Civil Aviation Act 1988
Civil Aviation Safety Amendment Regulations 2006 (No. 2)
Subsection 98(1) of the Civil Aviation Act 1988 (the Act) provides, in part, that the Governor-General may make regulations, not inconsistent with the Act, prescribing matters required or permitted by the Act to be prescribed, or necessary or convenient to be prescribed for carrying out or giving effect to the Act. That subsection also provides that the Governor-General may make regulations in relation to the safety of air navigation, being regulations with respect to which the Parliament has the power to make laws.
Subsection 9(1) of the Act specifies, in part, that the Civil Aviation Safety Authority (CASA) has the function of conducting the safety regulation of civil air operations in Australian territory by means that include developing and promulgating appropriate, clear and concise aviation safety standards, and issuing certificates, licences, registrations and permits.
Subpart 139.H of the Civil Aviation Safety Regulations 1998, Aerodrome Rescue and Fire Fighting Services (ARFFS) sets out the standards applying to the provision of ARFFS at Australian airports. In particular, Table 139.925 defines the list of organisations that are eligible to apply to CASA for approval as an ARFFS provider. Airservices Australia (Airservices) is currently the primary provider of ARFFS at all airports except Broome and Norfolk Island, which provide their own ARFFS. Table 139.925 also makes provision for alternative providers to supply ARFFS through a sub-contractual arrangement with Airservices.
The Regulations made amendments to Subpart 139.H to add the company Delta Fire Service Pty Ltd (Delta) to the list of eligible ARFFS providers in Table 139.925. The Regulations allow Delta to apply to CASA for approval as an ARFFS provider at Townsville Airport only.
This has the effect of facilitating contestability by allowing Delta to apply for approval to provide ARFFS at Townsville Airport in direct competition with the current primary provider, Airservices.
Government policy is to move towards contestability in the provision of ARFFS, which are currently almost exclusively provided by Airservices.

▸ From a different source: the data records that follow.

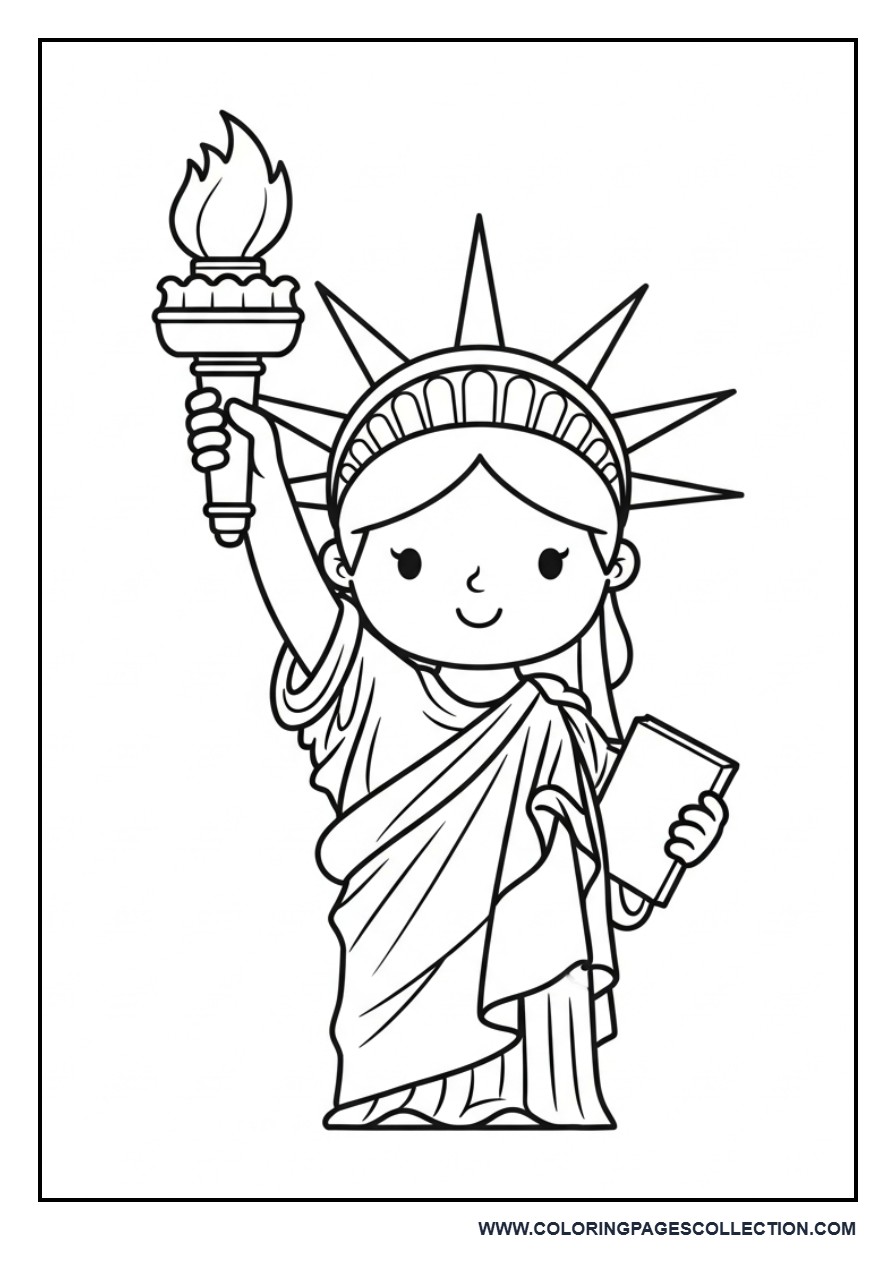 Statue of Liberty Easy Coloring Page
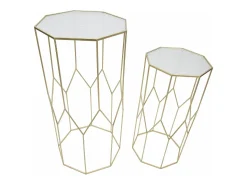 Mesa De Apoio*Dmora Mesa de centro George, Mesa de centro baixa, Porta-revistas para sofá, Estante de sala, , 50x46 h100 cm Dourado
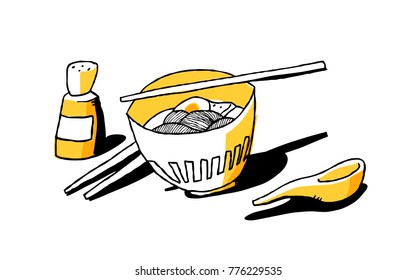 Ramen noodles. Good for mural in japanese restaurant. Vector and JPEG included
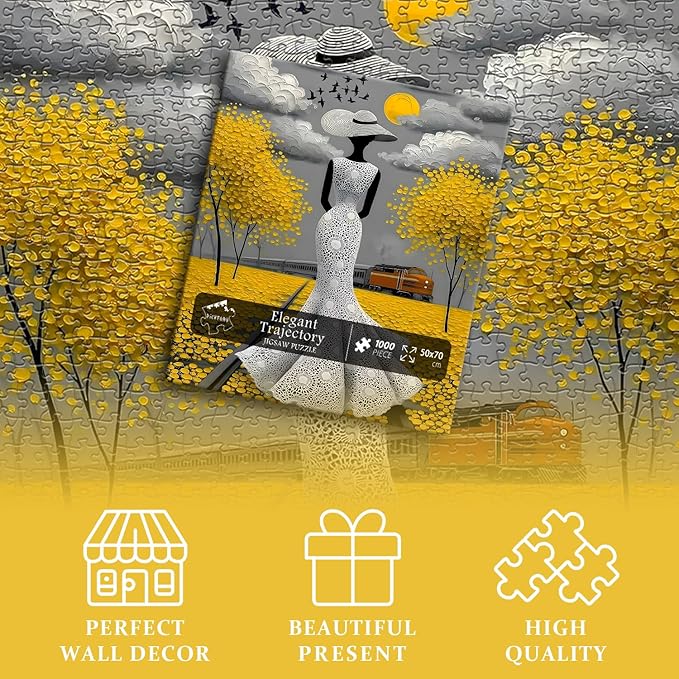 Beauty Women Puzzle for Adults 1000 Pieces, Vintage Elegant Black Lady Scenic Puzzle Aesthetic Art, Narure Plant Tree Challenge Jigsaw Puzzle Painting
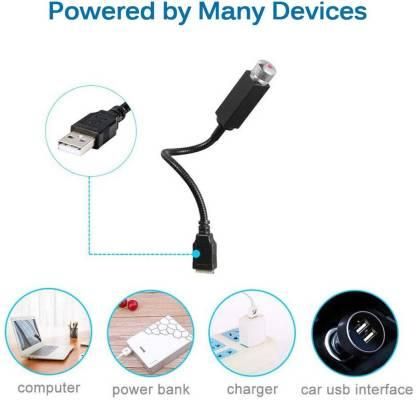 Versatile car star ceiling light powered by computer, power bank, charger, or car USB interface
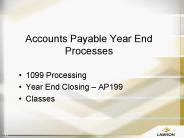 Accounts Payable Year End Processes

The ARFFS charging structure recently endorsed by the Australian Competition and Consumer Commission includes an element of cross-subsidy which adds complexity to the introduction of contestability. Townsville Airport has been identified as an initial possibility for contestability pending implementation of arrangements for contestability on a broader basis.
While the Regulations make Delta eligible to apply to be an ARFFS provider, the company must obtain CASA's approval to become a provider.
Consultation under section 17 of the Legislative Instruments Act 2003 has been undertaken with Airservices as the primary ARFFS provider.
The Regulations are a legislative instrument for the purposes of the Legislative Instruments Act 2003.
The Regulations commence on the day after they are registered on the Federal Register of Legislative Instruments.